## Required action
Only the pictures should be left out; write out all other data exactly.

## Supplied information
————————

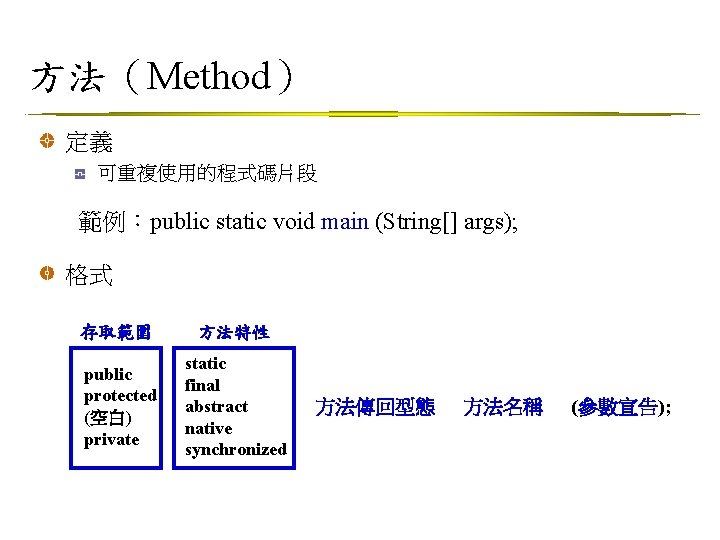 方法（Method） 定義 可重複使用的程式碼片段 範例：public static void main (String[] args); 格式 存取範圍 方法特性 public protected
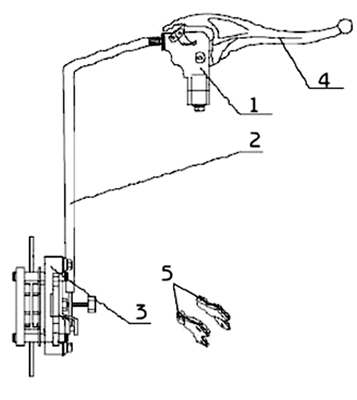 SYSTEME DE FREINAGE DU FREIN DE PARC A CABLE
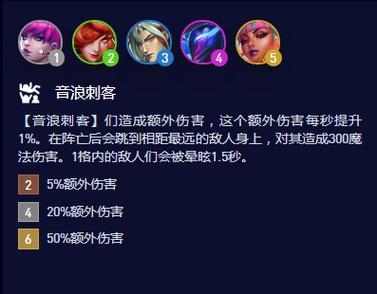 云顶之弈刺客出装攻略（打造最强刺客阵容，征服云顶战场）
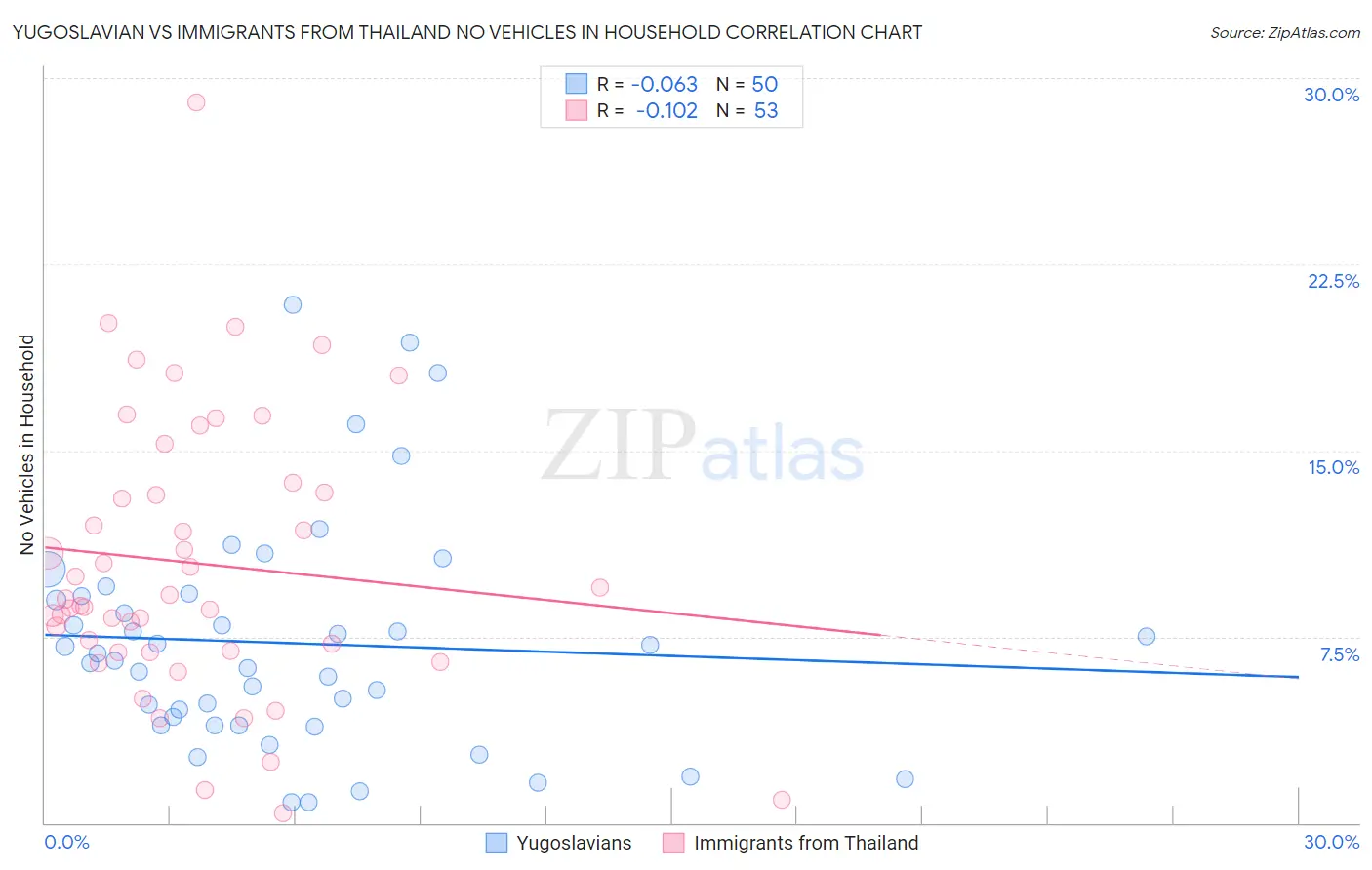 Yugoslavian vs Immigrants from Thailand No Vehicles in Household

————————

## Result
 方法（Method） 定義 可重複使用的程式碼片段 範例：public static void main (String[] args); 格式 存取範圍 方法特性 public protected
 SYSTEME DE FREINAGE DU FREIN DE PARC A CABLE
 云顶之弈刺客出装攻略（打造最强刺客阵容，征服云顶战场）
 Yugoslavian vs Immigrants from Thailand No Vehicles in Household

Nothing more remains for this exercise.